- [Stored items]
▼

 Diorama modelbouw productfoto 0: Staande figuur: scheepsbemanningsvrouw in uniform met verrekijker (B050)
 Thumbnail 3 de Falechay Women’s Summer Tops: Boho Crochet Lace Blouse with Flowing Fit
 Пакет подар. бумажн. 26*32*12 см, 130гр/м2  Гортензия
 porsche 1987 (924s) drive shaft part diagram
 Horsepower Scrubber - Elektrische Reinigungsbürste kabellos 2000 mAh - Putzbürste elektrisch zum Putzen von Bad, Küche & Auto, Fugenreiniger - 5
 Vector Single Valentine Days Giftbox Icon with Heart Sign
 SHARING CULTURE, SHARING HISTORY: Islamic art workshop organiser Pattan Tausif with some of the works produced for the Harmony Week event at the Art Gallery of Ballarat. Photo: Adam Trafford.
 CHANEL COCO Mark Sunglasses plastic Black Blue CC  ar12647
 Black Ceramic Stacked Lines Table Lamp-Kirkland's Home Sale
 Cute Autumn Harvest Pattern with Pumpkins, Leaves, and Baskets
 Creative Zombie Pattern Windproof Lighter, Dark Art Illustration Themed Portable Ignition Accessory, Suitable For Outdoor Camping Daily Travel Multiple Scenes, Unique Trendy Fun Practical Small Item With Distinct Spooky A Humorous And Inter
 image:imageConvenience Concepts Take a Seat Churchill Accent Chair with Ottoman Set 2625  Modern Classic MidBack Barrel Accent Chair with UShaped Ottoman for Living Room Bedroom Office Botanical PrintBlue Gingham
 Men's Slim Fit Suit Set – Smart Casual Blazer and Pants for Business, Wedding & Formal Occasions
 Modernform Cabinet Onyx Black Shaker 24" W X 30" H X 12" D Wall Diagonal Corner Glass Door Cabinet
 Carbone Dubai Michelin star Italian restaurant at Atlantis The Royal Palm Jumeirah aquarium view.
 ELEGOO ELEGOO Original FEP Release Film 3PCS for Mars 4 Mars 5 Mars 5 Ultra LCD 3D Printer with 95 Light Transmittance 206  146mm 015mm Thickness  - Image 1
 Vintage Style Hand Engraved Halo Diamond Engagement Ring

▲

- [Task brief]
Your answer should be a single number: the count of lines in the entries that hold the string "Black".

- [Solved problem]
3